In order to take this from a proposal to a potential reality, what are the concrete steps necessary to identify the work needed to make it happen? If we can remove Elastic and Mongo as hard dependencies of the platform by the next release that would be a huge win from my perspective.
@regis - that is simply not true. ElasticSearch made it impossible to use an open source distribution of their software. So Amazon stepped in with a 100% open source solution that’s openly governed - and I applaud them for it. ElasticSearch and other startups want us to believe that they have to go the non-OSS route in order to sell product. I reject that argument. Look no further than MongoDB - AWS implemented a MongoDB API-compatible service, Document DB. And yet, Mongo has had great success selling their SaaS service. I don’t like Mongo’s own license changes, but that doesn’t change the fact that AWS is free to re-implement the Mongo API, and Mongo still has a compelling, winning product, based on focusing on the developer as customer and operational excellence.
I support this change - it puts Open edX in the position of not depending on a single vendor for a core part of the tech stack.
Hey John I’m not sure I understand your point. As far as I understand, Mongodb and Elasticsearch both distribute their software under the exact same license : the source-available SSPL. To bypass the problem caused by the Mongodb license change, AWS created an API-compatible, closed source product (DocumentDb, stuck to v4.0). I’m pretty sure that Mongodb does not see this obsolete, closed source implementation with a keen eye.
(To be honest, I find it a little ironic that edX is posing as a champion of open source software when edx.org is actually using the closed source DocumentDb implementation of Mongodb…) EDIT: this statement is factually wrong, see below Dave’s answer.
My point is that the Elasticsearch and Mongodb situations are extremely similar, and that arguments made for one should also be valid for the other.
I’m not going to wade into the ES/MongoDB moral arguments here, but I just wanted to briefly clarify that edX doesn’t run DocumentDB. We have our own EC2 servers running MongoDB 4.2 on Ubuntu (I logged into our AWS console just now to double check).
I would love to drop ES from the stack entirely for all the reasons you mentioned, but I was under the impression that MySQL full text search is substantially worse in terms of fetching useful results.
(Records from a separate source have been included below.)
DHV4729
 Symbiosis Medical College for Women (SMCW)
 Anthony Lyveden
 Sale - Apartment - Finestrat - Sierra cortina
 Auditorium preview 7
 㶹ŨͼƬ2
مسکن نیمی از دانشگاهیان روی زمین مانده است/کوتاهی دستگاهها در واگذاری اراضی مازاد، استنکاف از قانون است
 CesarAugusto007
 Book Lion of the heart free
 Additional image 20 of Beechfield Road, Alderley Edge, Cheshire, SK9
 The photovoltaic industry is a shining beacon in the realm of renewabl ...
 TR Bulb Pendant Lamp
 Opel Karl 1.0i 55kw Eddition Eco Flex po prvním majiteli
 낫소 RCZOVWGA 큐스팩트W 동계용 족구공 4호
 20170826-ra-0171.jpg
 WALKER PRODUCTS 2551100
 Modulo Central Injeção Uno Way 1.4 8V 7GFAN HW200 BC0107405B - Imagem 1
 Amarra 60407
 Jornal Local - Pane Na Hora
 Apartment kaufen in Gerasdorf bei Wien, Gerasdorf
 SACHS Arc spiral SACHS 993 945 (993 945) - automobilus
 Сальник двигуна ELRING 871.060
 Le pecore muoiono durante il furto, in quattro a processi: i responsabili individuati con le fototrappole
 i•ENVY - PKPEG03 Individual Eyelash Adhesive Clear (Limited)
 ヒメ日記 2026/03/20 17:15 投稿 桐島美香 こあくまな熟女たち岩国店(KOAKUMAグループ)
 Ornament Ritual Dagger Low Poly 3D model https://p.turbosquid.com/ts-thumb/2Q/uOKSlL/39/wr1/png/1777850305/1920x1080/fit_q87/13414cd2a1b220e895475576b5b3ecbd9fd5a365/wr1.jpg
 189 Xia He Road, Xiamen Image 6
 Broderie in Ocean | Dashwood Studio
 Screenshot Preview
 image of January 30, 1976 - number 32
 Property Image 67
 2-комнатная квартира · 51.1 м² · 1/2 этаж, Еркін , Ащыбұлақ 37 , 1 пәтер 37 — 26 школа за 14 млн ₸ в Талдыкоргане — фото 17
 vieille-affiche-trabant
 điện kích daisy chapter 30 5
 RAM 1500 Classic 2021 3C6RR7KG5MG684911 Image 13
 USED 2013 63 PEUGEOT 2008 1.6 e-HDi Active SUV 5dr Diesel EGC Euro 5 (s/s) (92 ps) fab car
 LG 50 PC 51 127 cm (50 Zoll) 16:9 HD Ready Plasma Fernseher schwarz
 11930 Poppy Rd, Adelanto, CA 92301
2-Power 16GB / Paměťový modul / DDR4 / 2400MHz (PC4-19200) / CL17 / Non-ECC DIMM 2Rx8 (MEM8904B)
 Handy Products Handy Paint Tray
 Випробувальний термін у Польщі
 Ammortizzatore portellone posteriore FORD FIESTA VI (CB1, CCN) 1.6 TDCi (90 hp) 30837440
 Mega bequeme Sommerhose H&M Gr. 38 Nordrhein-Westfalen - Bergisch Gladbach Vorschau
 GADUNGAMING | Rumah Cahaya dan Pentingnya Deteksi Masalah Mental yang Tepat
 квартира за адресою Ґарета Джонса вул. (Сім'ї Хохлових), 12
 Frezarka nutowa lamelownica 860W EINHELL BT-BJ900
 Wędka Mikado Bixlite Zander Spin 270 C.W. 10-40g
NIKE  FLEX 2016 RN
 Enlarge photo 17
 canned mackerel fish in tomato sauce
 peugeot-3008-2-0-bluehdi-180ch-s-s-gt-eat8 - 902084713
This may not matter when the search space is relatively small (e.g. Notes), but I would be concerned about negatively impacting something like the forums search experience. Is that no longer the case?
Sorry for my incorrect assumption; I edited my post above to avoid spreading uncertainty. I was under the impression that edX uses AWS services for all of its data storage backends.
I must say that this situation makes me even more confused:
- Why is the Elasticsearch license change an issue, but not Mongodb?
- If AWS support of Elasticsearch is problematic, why not self-host an ES cluster?
I must say that I have too little experience with full text search in Mysql to offer a definitive solution. However, my opinion is that this deprecation discussion should include an evaluation of technical alternatives to Elasticsearch – including a Mysql-backed search engine.
Hello, I’m reviving this discussion because edX/2U has been doing discovery on this question in advance of the Nutmeg release.
I’ve also posted this info on the DEPR ticket: Move from Elasticsearch to OpenSearch · Issue #16 · openedx/public-engineering · GitHub
Our current decision is to switch to using OpenSearch in several use cases where we need the performance offered by ES. These are:
- edx-search (courseware search)
For other use cases, we will be removing usage of ES:
- edx-analytics-api (endpoints are deprecated entirely. See [DEPR]: Remove Learner View in Insights, Data API, and Pipeline #36)
I am proposing an updated acceptance date on this deprecation for April 18, 2022.